**WHAT YOU SHOULD DO:** Under this line is a listing; return exactly the lines starting at the one with "Apartmaji Mak Jesenice Dış mekan fotoğraf" and running down to the one with "vykort för foto-Tack", and leave out its pictures.

**RECORDS SHOWN:**
________________________________________
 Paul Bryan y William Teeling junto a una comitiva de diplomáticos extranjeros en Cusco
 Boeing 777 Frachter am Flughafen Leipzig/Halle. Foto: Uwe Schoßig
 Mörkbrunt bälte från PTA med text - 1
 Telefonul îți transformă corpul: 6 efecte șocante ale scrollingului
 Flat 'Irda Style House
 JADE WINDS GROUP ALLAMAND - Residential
________________________________________
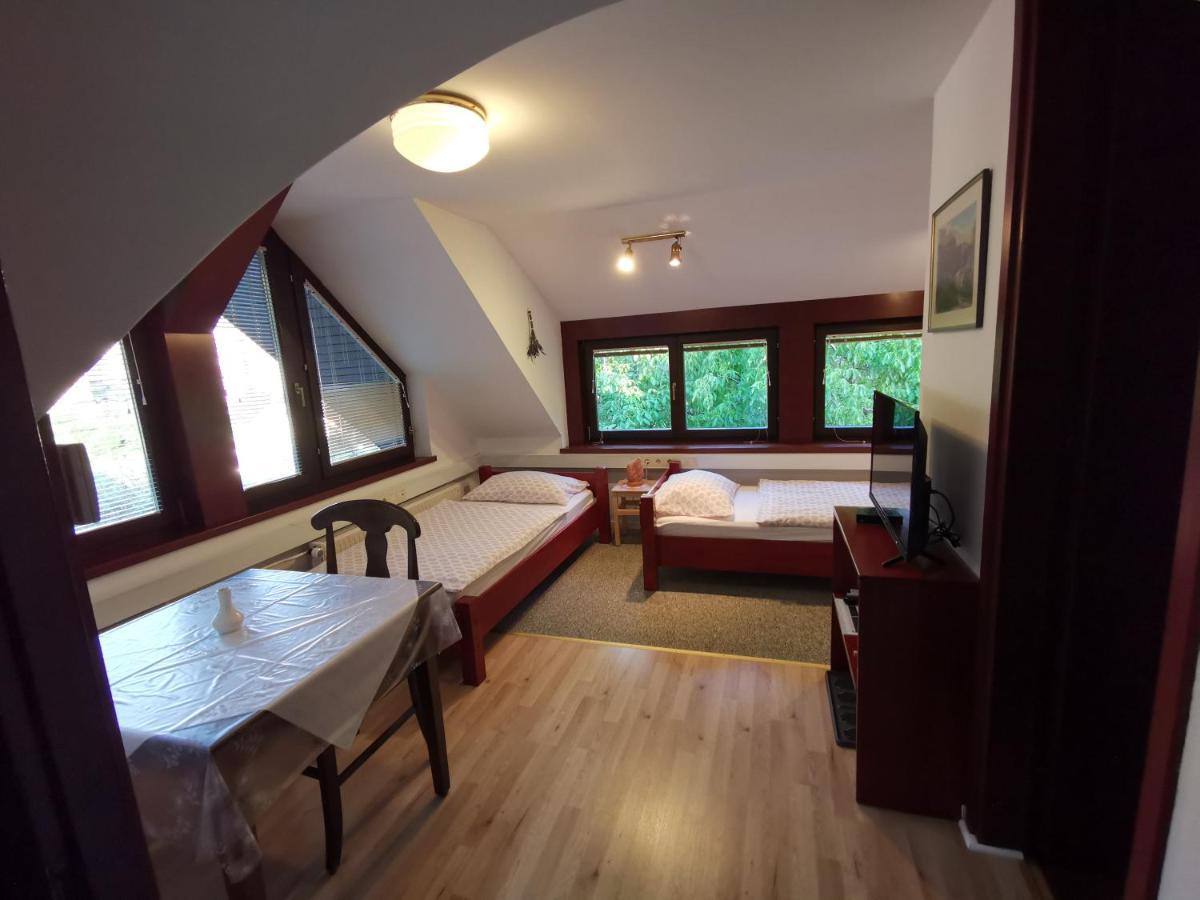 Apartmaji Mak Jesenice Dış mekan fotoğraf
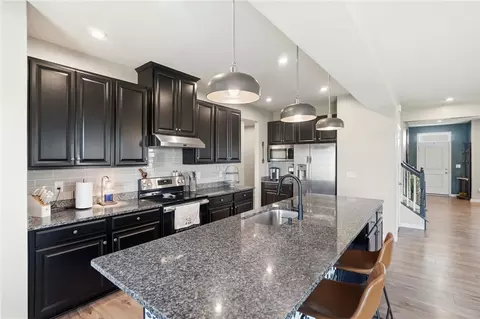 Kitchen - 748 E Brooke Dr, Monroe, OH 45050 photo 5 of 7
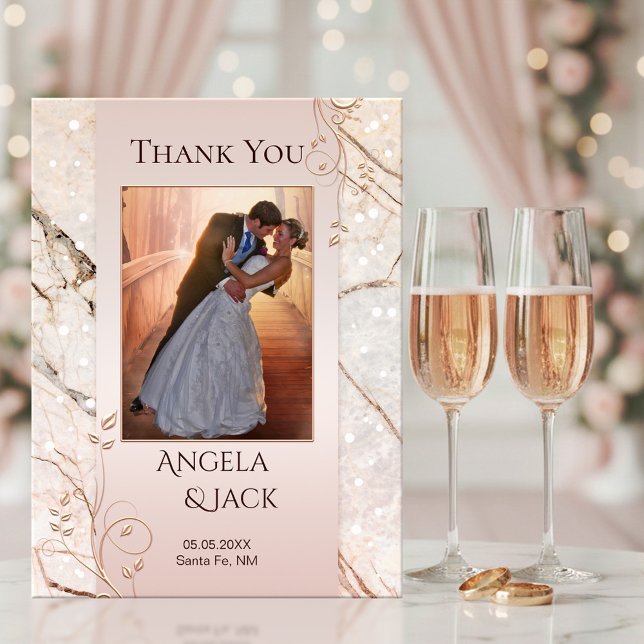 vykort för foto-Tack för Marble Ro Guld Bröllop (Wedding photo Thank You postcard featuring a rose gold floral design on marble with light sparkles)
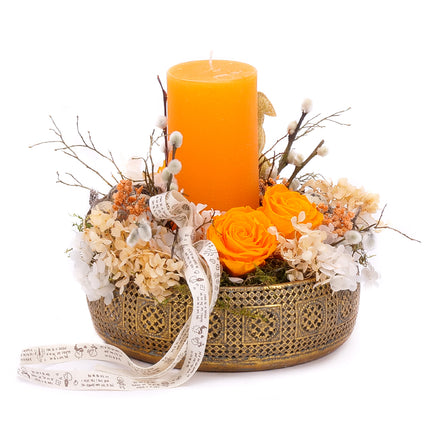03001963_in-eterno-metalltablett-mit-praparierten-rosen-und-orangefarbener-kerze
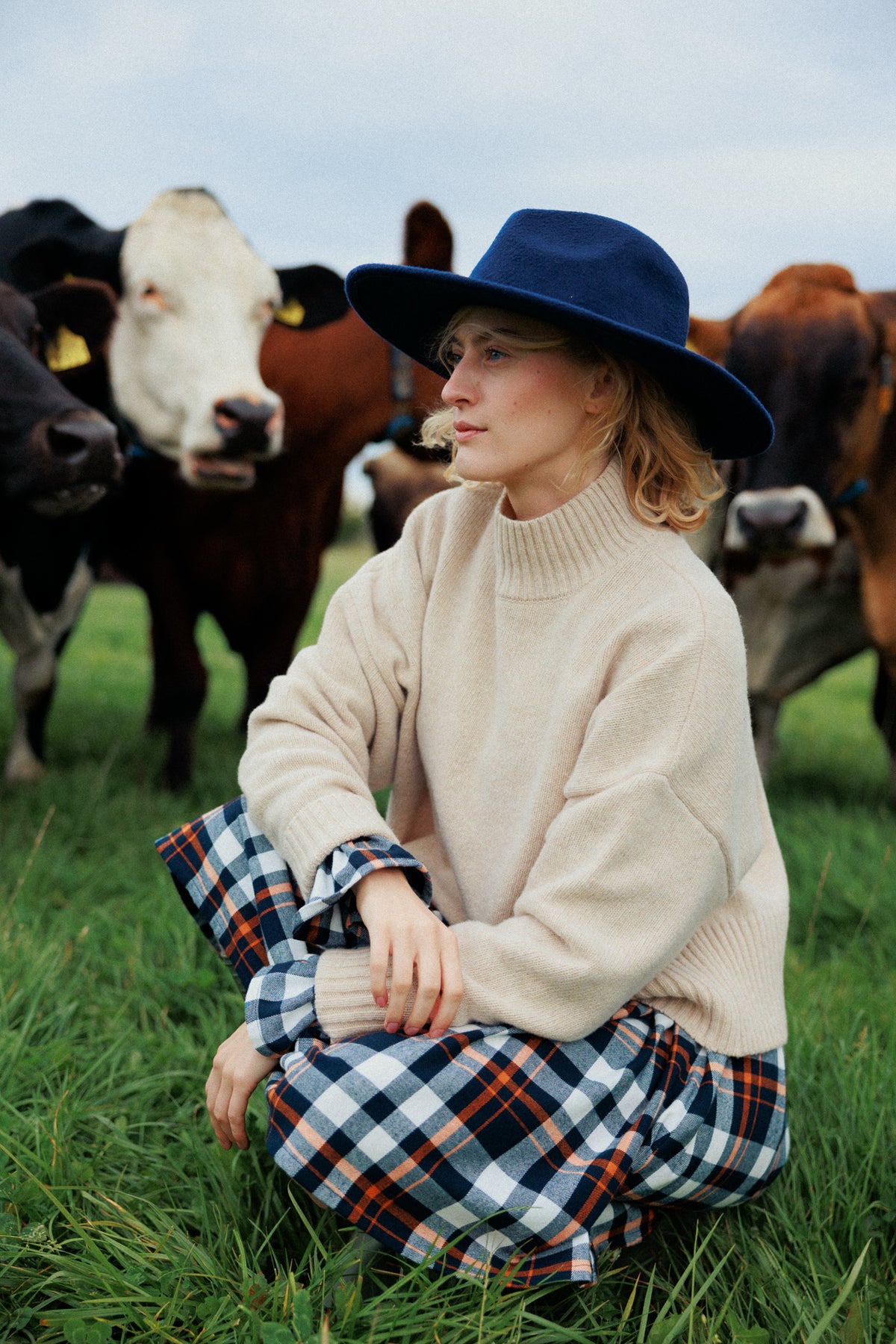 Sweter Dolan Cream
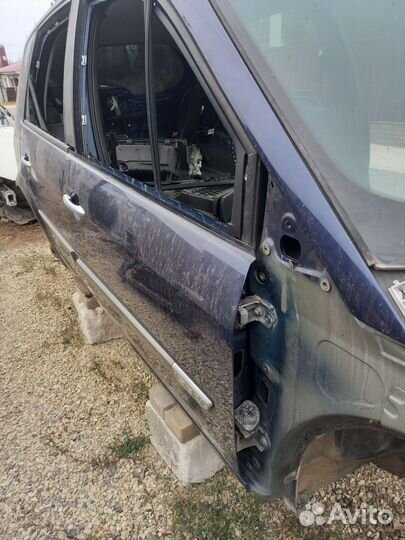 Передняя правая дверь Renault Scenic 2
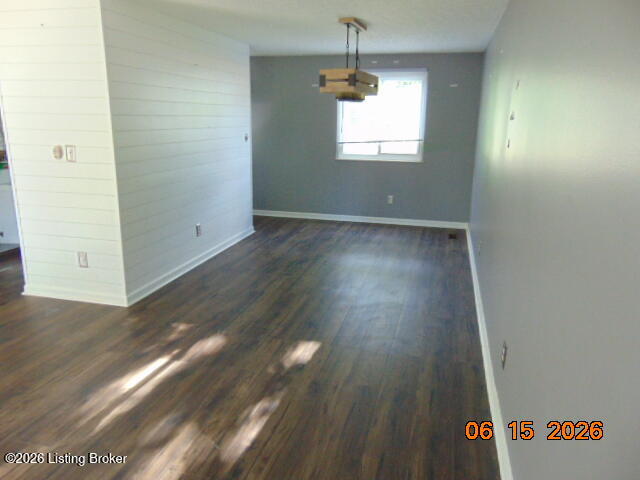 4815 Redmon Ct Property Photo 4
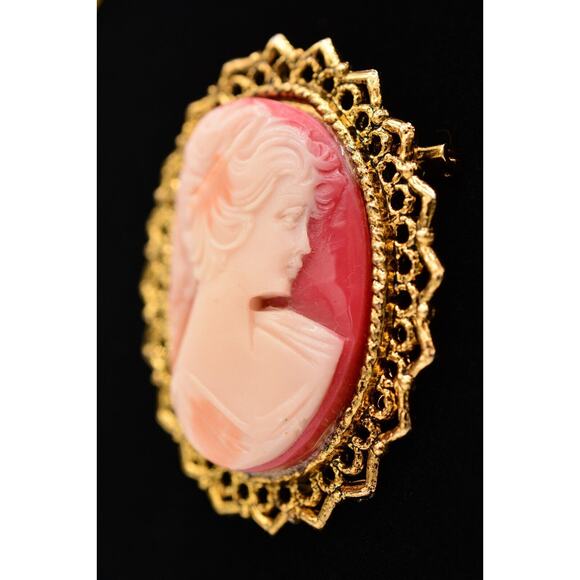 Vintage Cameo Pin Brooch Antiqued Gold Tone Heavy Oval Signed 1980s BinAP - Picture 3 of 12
________________________________________
**THE ANSWER:**
 Apartmaji Mak Jesenice Dış mekan fotoğraf
 Kitchen - 748 E Brooke Dr, Monroe, OH 45050 photo 5 of 7
 vykort för foto-Tack för Marble Ro Guld Bröllop (Wedding photo Thank You postcard featuring a rose gold floral design on marble with light sparkles)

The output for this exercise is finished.